What is required
Aside from the pictures, copy the listing exactly.

***** Extracted entries

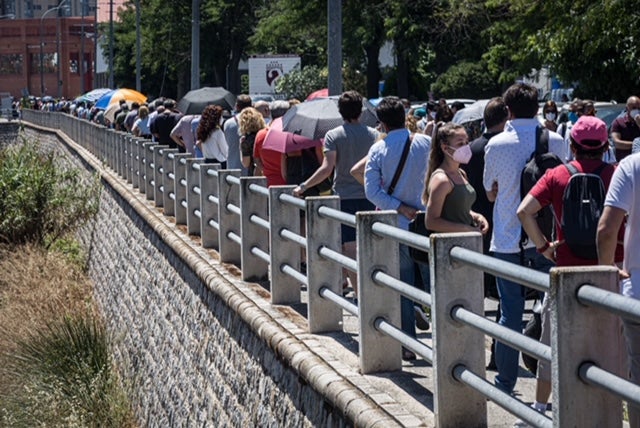 Los citados en la Feria de Muestras de Armillas han tenido que esperar durante varias horas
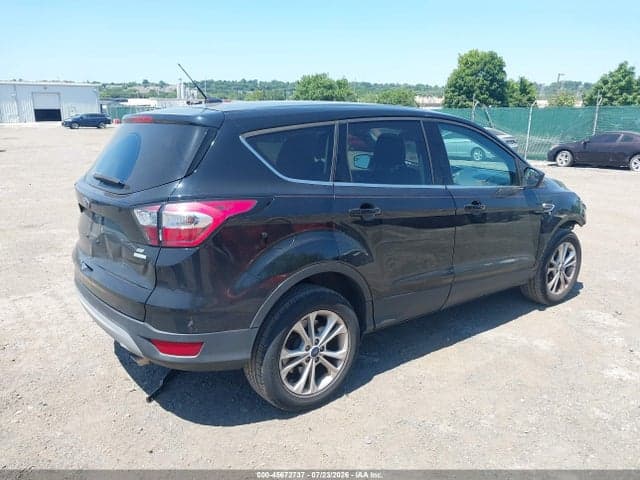 2017 FORD ESCAPE SE 4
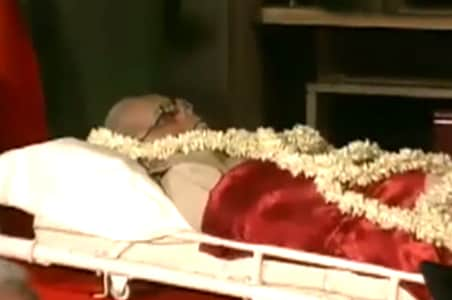 Earlier in the day, a huge concourse of mourners filled the streets as the body of the Marxist legend was taken from the funeral parlour to the Communist Party of India (Marxist) CPM headquarters at 31 Alimuddin Street in a hearse bedecked with white flowers and red CPM flags.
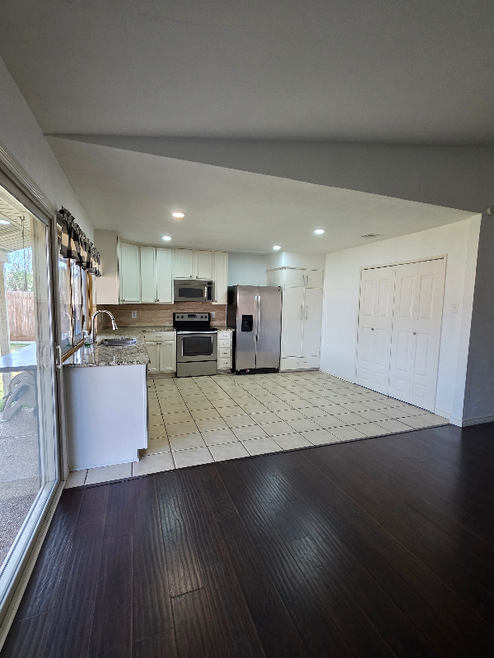 Building Photo - 3011 Lockwood Cir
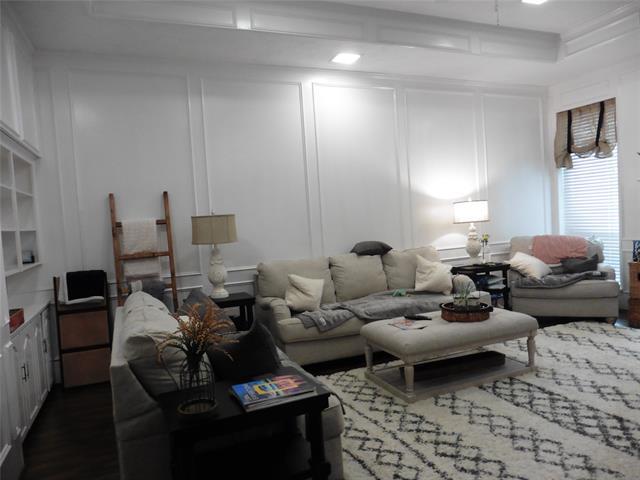 Building Photo - 4112 Hideaway Ln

**********

Finished exercise
 Los citados en la Feria de Muestras de Armillas han tenido que esperar durante varias horas
 2017 FORD ESCAPE SE 4
 Earlier in the day, a huge concourse of mourners filled the streets as the body of the Marxist legend was taken from the funeral parlour to the Communist Party of India (Marxist) CPM headquarters at 31 Alimuddin Street in a hearse bedecked with white flowers and red CPM flags.
 Building Photo - 3011 Lockwood Cir
 Building Photo - 4112 Hideaway Ln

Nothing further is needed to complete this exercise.